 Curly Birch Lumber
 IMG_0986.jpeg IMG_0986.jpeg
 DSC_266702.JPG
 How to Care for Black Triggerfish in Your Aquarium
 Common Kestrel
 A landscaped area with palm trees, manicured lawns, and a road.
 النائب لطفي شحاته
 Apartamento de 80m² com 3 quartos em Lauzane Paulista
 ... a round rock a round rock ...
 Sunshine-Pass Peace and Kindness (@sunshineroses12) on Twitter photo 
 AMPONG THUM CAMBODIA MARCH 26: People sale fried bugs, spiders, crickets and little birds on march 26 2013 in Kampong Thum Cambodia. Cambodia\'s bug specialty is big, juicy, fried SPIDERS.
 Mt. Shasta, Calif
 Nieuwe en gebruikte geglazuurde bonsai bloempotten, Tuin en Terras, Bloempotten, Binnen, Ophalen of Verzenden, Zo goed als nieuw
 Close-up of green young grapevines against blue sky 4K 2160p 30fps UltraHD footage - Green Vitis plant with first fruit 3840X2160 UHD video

####

#### [Aim of the task]
Search the records for the string "with" and report each line that has it.

#### [Task answer]
 A landscaped area with palm trees, manicured lawns, and a road.
 Close-up of green young grapevines against blue sky 4K 2160p 30fps UltraHD footage - Green Vitis plant with first fruit 3840X2160 UHD video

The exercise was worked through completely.